Considérant que le décompte présenté par l'appelant ne peut être retenu car il ne prend pas en compte la différence entre la somme payée et celle garantie.
Considérant qu'après vérification des sommes perçues le différentiel de salaire s'élève aux sommes suivantes :
-année 2003 : 30 euros.
-année 2004 : 105,39 euros.
-année 2005 : 242,88 euros, soit au total la somme de 621,15 euros que l'intimée devra verser au demandeur.
-Sur la demande de rappel de salaire au titre de l'égalité salariale
Considérant qu'en application de la règle 'à travail égal, salaire égal', l'employeur est tenu d'assurer l'égalité de rémunération entre tous les salariés de l'un ou l'autre sexe, pour autant que les salariés en cause sont placés dans une situation identique.
Considérant que s'il appartient au salarié qui invoque une atteinte au principe 'à travail égal, salaire égal' de soumettre au juge les éléments de fait susceptibles de caractériser une atteinte au principe d'égalité de rémunération, il incombe à l'employeur de rapporter la preuve d'éléments objectifs dont il appartient au juge d'apprécier la pertinence et la réalité, justifiant cette différence.
Considérant qu'en l'espèce Monsieur [B] prétend que Monsieur [U] [S] recruté en 1999 mais juriste comme lui, percevait une rémunération plus importante que la sienne alors selon lui qu'ils exerçaient tous deux les mêmes fonctions, que leurs connaissances professionnelles étaient comparables et qu'il bénéficiait même d'une pratique professionnelle en cabinet d'avocat supérieure à celle de son collègue.
Considérant toutefois que Monsieur [B] ne verse pas le moindre élément de fait susceptible d'étayer sa demande fondée sur une disparité salariale, alors qu'il n'apparaît par ailleurs pas contesté que Monsieur [S] était rémunéré sur la base d'un coefficient et d'un indice conventionnels supérieurs.
Que la demande sera rejetée.
-sur l'indemnisation de la rupture
Considérant qu'il y a lieu à application de l'article L.1235-5 du Code du Travail, l'effectif salarié habituel du cabinet étant inférieur à onze.
Considérant qu'eu égard à l'ancienneté du salarié dans l'entreprise, à son âge, au montant de sa rémunération et aux justificatifs produits, la cour peut fixer à 20 000 euros la réparation du préjudice subi du fait de la rupture du contrat de travail.
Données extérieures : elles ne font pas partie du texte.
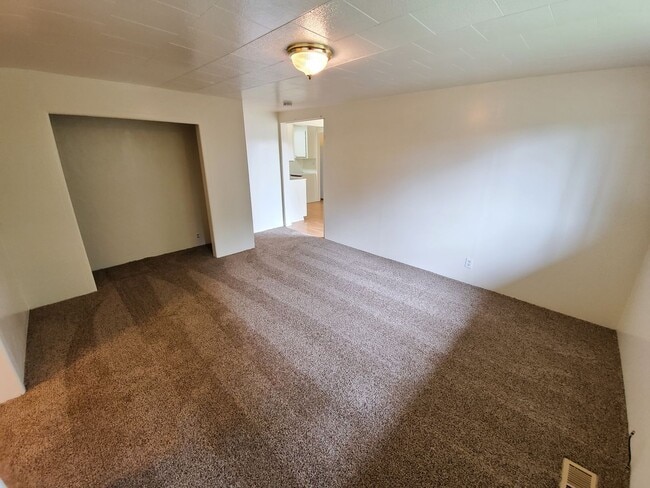 Building Photo - 3 Bed 2 Bath Home w/ storage shed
-sur la demande de remise d'un certificat de travail, d'une attestation ASSEDIC et de bulletins de salaire conformes
Considérant que la SCP défenderesse produit la copie d'une lettre recommandée AR datée du 13 février 2008 libellé à l'adresse mentionnée comme étant la sienne à la date du jugement.
Considérant que l'avis de réception de ce courrier également communiqué en copie ne permet pas de s'assurer que le salarié qui demeure depuis à une autre adresse ait bien été destinataire de cet envoi.
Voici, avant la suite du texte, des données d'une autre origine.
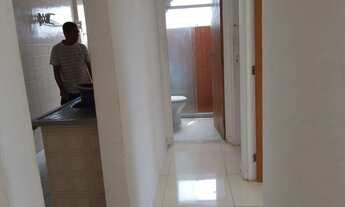 Imagem 3: Vendo Apartamento reformado no Cond. Clériston Andrade, 2/4. Bem localizado !!!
Considérant que le jugement sera donc confirmé de ce chef sans qu'il y ait lieu d'assortir cette mesure d'une astreinte.
Considérant qu'il y a lieu à remise de bulletins de salaire et d'une attestation ASSEDIC conformes au présent arrêt.
Considérant que la SCP LE FOYER DE COSTIL qui succombe au moins en partie supportera les dépens et indemnisera Monsieur [B] des frais exposés dans l'instance à concurrence de la somme de 800 euros.
Considérant que rien ne justifie la condamnation conjointe de Monsieur [F] LE FOYER DE COSTIL et de Monsieur [J] GUILLARD en leur qualité de gérant et d'associé principal de la SCP.
PAR CES MOTIFS
La cour statuant publiquement et contradictoirement
Infirmant partiellement le jugement déféré,
Condamne la SCP LE FOYER DE COSTIL à payer à Monsieur [N] [B] les sommes suivantes :
-621,15 euros à titre de rappel de salaire.
-20 000 euros à titre de dommages et intérêts pour licenciement sans cause réelle et sérieuse.
-800 euros en application de l'article 700 du Code de Procédure Civile.
Ordonne la remise d'une attestation ASSEDIC et de bulletins de salaire conformes au présent arrêt.
Confirme le jugement en ses autres dispositions non contraires aux présentes.
Déboute les parties de leurs demandes plus amples ou contraires.
Condamne la SCP LE FOYER DE COSTIL aux dépens.